INSTRUCTIONS FOR THE TASK >>
Write out again only the lines between the one with "Used 2024 Toyota Corolla LE image 28" and the end of the records below, both ends counted, and don't include the pictures.

-- GIVEN INFORMATION follows --

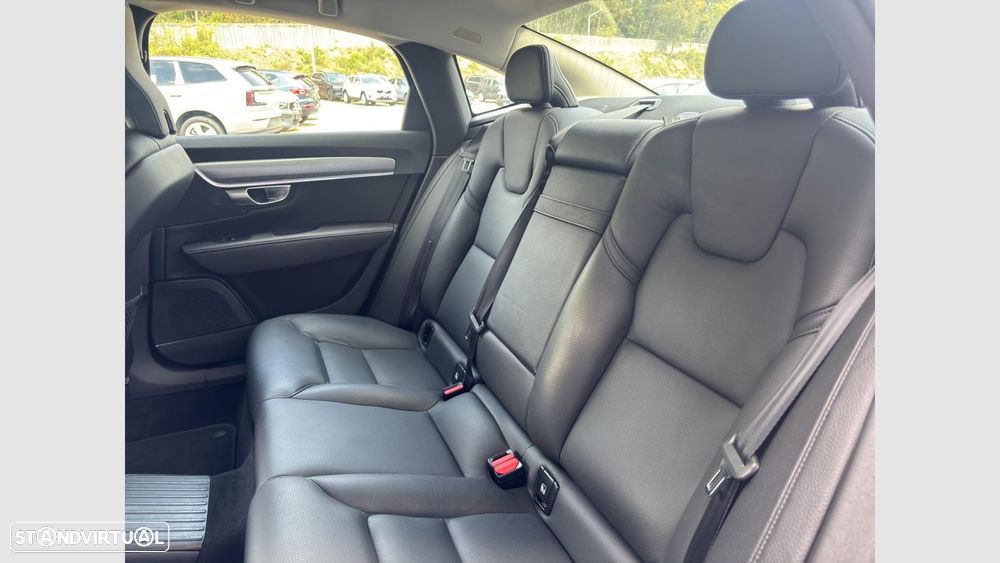 Volvo S90 2.0 T8 Momentum Plus AWD Geartronic - 17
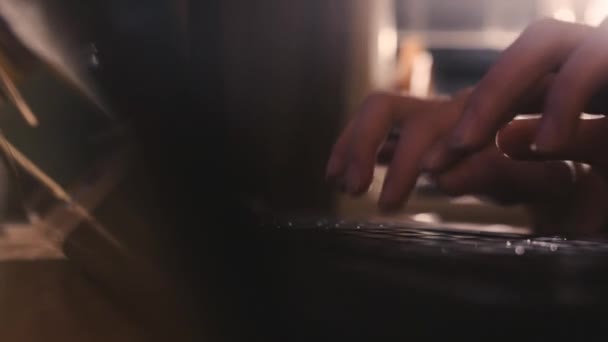 femme tenant la carte et mobile 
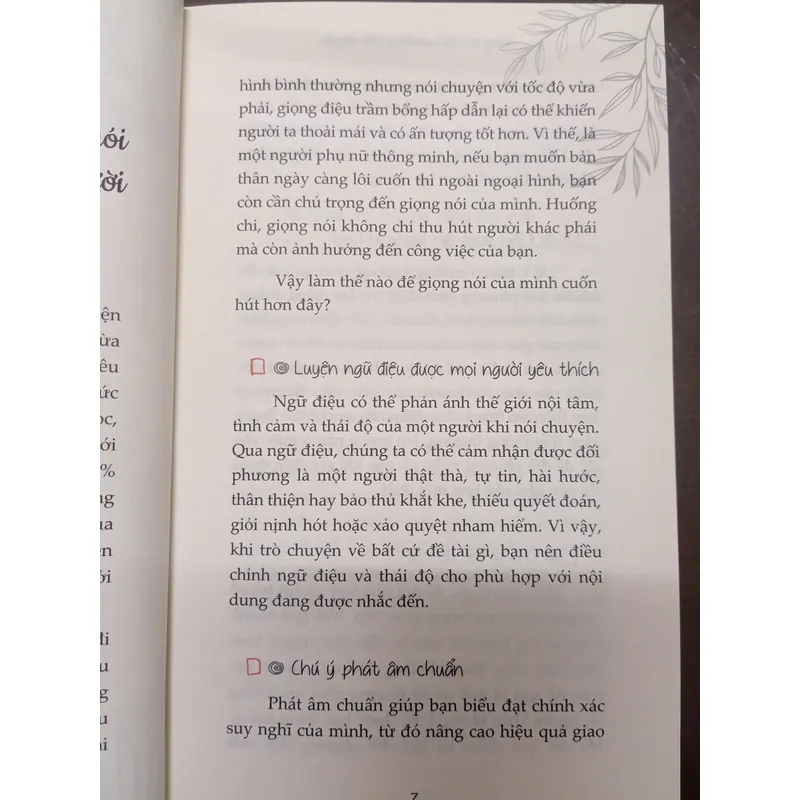 Đừng chỉ đẹp mà không hiểu chuyện - Có bookmark - Sách cũ 642937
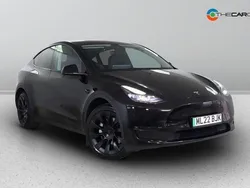Black Used 2022 Tesla Model Y Long Range SUV | £23,975 (Good price)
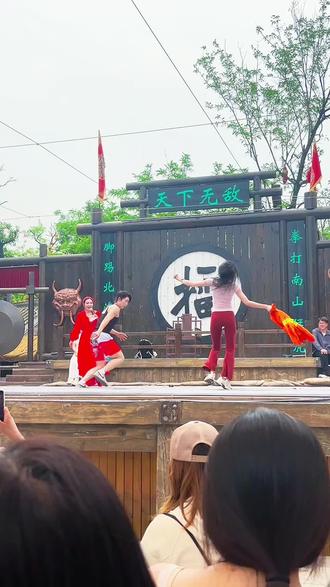 万岁山欢乐时刻上线~魔芋爽和赤赤在万岁山玩嗨了
#魔丸灵珠大闹万岁山 #万岁山来了个舞蹈王者 #万岁山二娘 #万岁山斗舞还是太有节目了 #中国舞赤赤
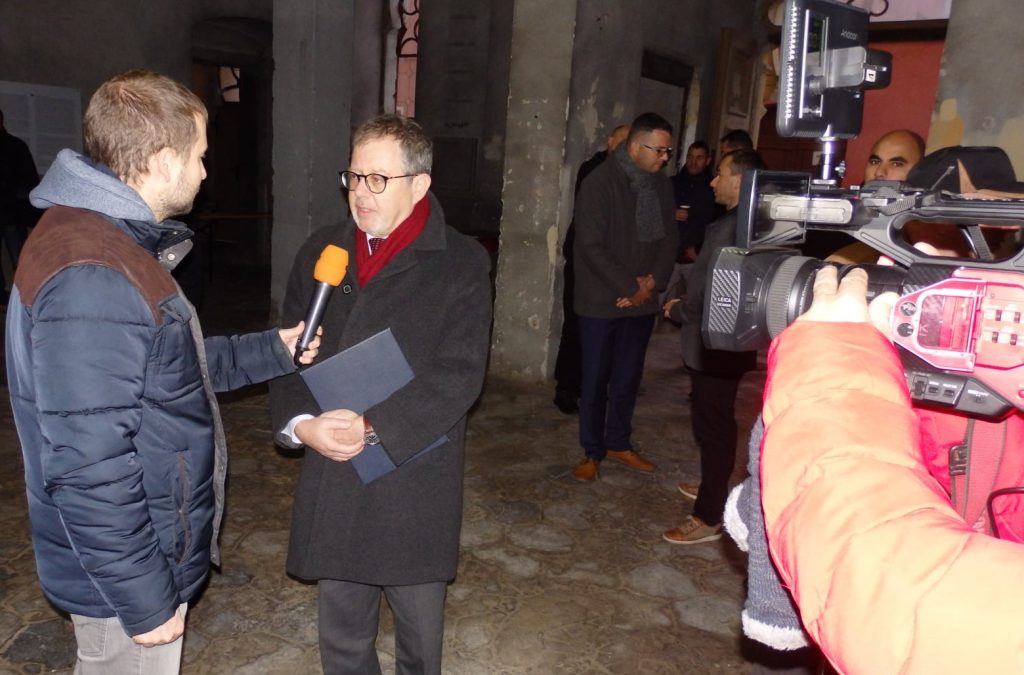 Presse und Fernsehen in Aktion: Interview mit dem israelischen Botschafter J. E. Meron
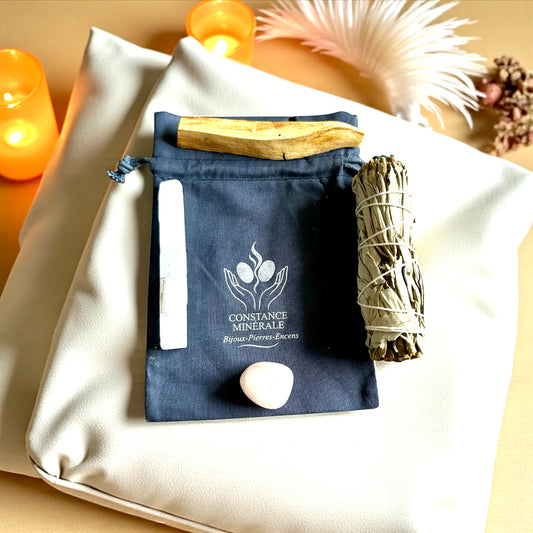 Kit Amour de soi  1 bâton desélénite - 1 bâton de Palo Santo - 1 pierre roulée Quartz Rose - 1 bâton de sauge blanche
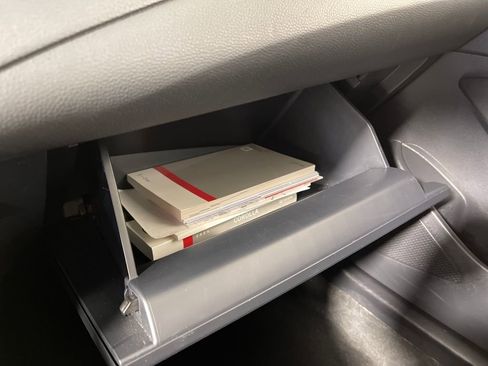 Used 2024 Toyota Corolla LE image 28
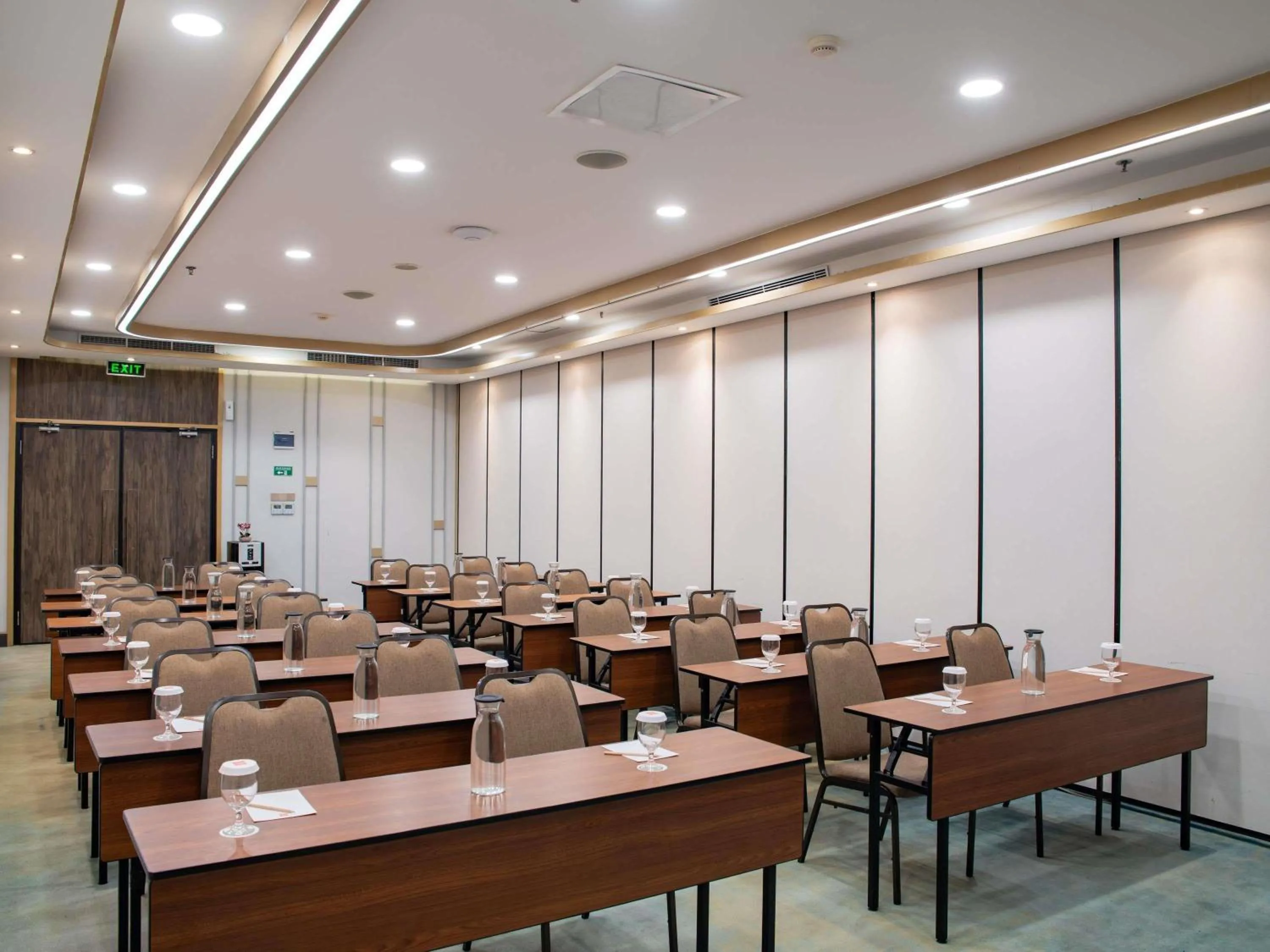 Meeting/conference room in Ibis Bandung Pasteur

-- GIVEN INFORMATION concluded --

OUTPUT BELOW >>
 Used 2024 Toyota Corolla LE image 28
 Meeting/conference room in Ibis Bandung Pasteur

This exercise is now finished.